Statistical Methods and Data Analysis in
Developmental Psychology
Lab 9
Filippo Gambarota
Updated on 2023-05-16
devtools::load_all() # if using the rproject dowloaded from the slides
# source("utils-glm.R") # if using a standard setup
library(here)
library(tidyr) # for data manipulation
library(dplyr) # for data manipulation
library(ggplot2) # plotting
library(car) # general utilities
library(effects) # for extracting and plotting effects
library(emmeans) # for marginal means
Overview
We are gonna work with the admission.csv dataset
containing \(n = 400\) students for the
admission to the UCLA University. A researcher is interested in how
variables, such as gre (Graduate Record Exam scores),
gpa (GPA), rank (prestige of the undergraduate
institution) have an influence for the admission into graduate school.
The response variable, admit/don’t admit, is a binary variable.
…(continue from lab 8)
Fitting the model with interactions
Plotting results
Interpreting the parameters
Model comparison for the interactions effect
0. Importing data
We need to set the working directory on the root of
the course folder using set.wd(). Using R Projects is just
necessary to open the .RProj file and the working directory
will be automatically correctly selected.

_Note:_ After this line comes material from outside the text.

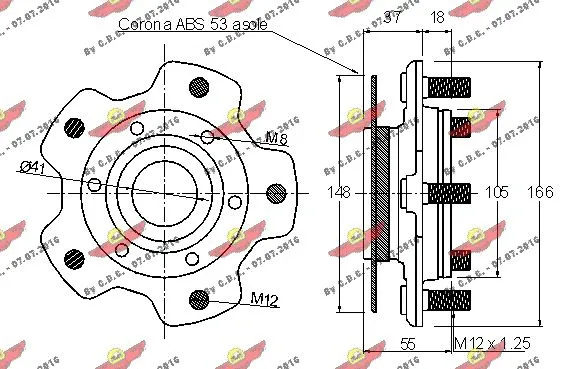 01.97794 AUTOKIT Комплект подшипника ступицы колеса (фото 2)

Here we fit the two 2-way interactions between gpa,
gre and rankc. Let’s start from only one
interaction:
# gpa * rankc + gre
fit1 <- glm(admit ~ gre + gpa + rankc + gpa:rankc, family = binomial(link = "logit"), data = admission)
# this is equivalent to
# fit1 <- glm(admit ~ gpa * rankc + gre, family = binomial(link = "logit"), data = admission)
summary(fit1)
##
## Call:
## glm(formula = admit ~ gre + gpa + rankc + gpa:rankc, family = binomial(link = "logit"),
## data = admission)
##
## Deviance Residuals:
## Min 1Q Median 3Q Max
## -1.6997 -0.8669 -0.6426 1.1582 2.1061
##
## Coefficients:
## Estimate Std. Error z value Pr(>|z|)
## (Intercept) -6.5706011 3.5059016 -1.874 0.0609 .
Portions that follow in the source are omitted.